Okay I captured geterr() at the write call, here’s the actual output from my console:

cart-save: header write rc=32, geterr=‘Not found’
cart-save: chip0 write rc=-1, geterr=‘I/O error’
cart-save: chip0 short-write (-1/524288)
cart-save: post-fail close rc=0, geterr=‘I/O error’
integration selftest: PASS T5 post-overwrite (chip0 dirty) = 0x0
cart-save: no save file at scratch/selftest_cart.bin
integration selftest: FAIL T5 load_save returned true
integration selftest: FAIL T5 byte restored from save file = 0x0 (expected 0xAA)
integration selftest: done — 28 pass, 2 fail

The immediate failure is "I/O error", not 1414. 1414 only appears on the next path-resolving call!

Okay, that makes sense. Looks like uC-FS sets the volume state to "open" (which I guess means not mounted?) when it runs into an i/o error. I tested the devices I have on hand and found three that are showing this. I rolled them back to 3.0.0, no difference. :thinking: Another interesting thing is that they're all rev 1 units. Do you know which hardware version you have? If you plug the device in while the simulator is running you'll see the device's response to the version serial command show up in the console window. If pcbver is 0x01 that's rev. 1, 0x13 is rev. 2.

Now that I have a unit that reproduces this I can dive down into the eMMC driver where the i/o error is coming from. It's a spooky place, lots of "I have no idea why this works but if you touch it you'll break it" code down there. I'll let you know what I find!

1 Like

Rev 1!

Dang, so we found two issues but they’ve been around for a while, what in tarnation.

Btw “a spooky place” is the perfect way to describe driver-land hahahaha.

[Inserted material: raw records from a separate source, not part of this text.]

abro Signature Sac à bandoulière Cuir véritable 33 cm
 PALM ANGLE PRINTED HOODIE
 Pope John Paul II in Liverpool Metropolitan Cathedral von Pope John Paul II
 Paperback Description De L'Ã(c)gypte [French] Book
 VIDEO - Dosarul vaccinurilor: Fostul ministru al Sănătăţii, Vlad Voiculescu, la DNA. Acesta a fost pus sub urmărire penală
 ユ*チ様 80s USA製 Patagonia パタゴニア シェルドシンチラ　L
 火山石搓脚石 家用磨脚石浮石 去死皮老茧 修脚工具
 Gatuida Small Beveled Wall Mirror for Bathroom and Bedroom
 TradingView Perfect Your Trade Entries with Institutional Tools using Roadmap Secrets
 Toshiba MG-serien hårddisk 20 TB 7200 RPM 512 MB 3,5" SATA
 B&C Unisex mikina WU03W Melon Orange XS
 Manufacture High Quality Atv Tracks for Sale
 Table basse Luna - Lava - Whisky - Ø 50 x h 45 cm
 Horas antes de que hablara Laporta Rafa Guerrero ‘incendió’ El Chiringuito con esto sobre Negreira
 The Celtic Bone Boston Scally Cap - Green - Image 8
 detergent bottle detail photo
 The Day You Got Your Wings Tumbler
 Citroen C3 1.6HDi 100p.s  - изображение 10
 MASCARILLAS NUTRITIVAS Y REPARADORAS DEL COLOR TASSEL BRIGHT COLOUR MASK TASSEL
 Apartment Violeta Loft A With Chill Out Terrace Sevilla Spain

Turns out the problem is the SD/MMC peripheral is throwing a FIFO TX underrun, no idea why. I'll continue digging, but a possible workaround is to do the startup code in the update callback instead of the kEventInit handler. An easy way to make that change is to move that code into a separate function (if it's not already) and set it as your update callback, then in that function call setUpdateCallback again to set it to the real update function. But hopefully I can find a fix for this in the firmware so the workaround (if it even works) isn't needed.

3 Likes

You are a wizard. Let me know if I can help test with anything! Thank you for what you do.

Okay, I have a fix for 3.1. It's dumb simple and I'm embarrassed it took me this long to find it. I don't know exactly how the fix works, what gears that weren't meshing properly are now, but it was just a matter of adding a tiny delay in the retry loop after we get that FIFO error. I saw pretty quickly that delays helped as I was adding some log outputs but it took a while to figure out the right place to put them.

Anyway! I don't think there's any viable workaround in user space for this because the filesystem is helpfully unmounting the disk as soon as it sees the error. Writing 1KB at a time might work but it'll be slow, maybe slow enough to trigger the 10 s watchdog timer. If you want to test out the fix before 3.1 ships (by the end of the month hopefully?) DM me your serial # and I'll send you a firmware build.

2 Likes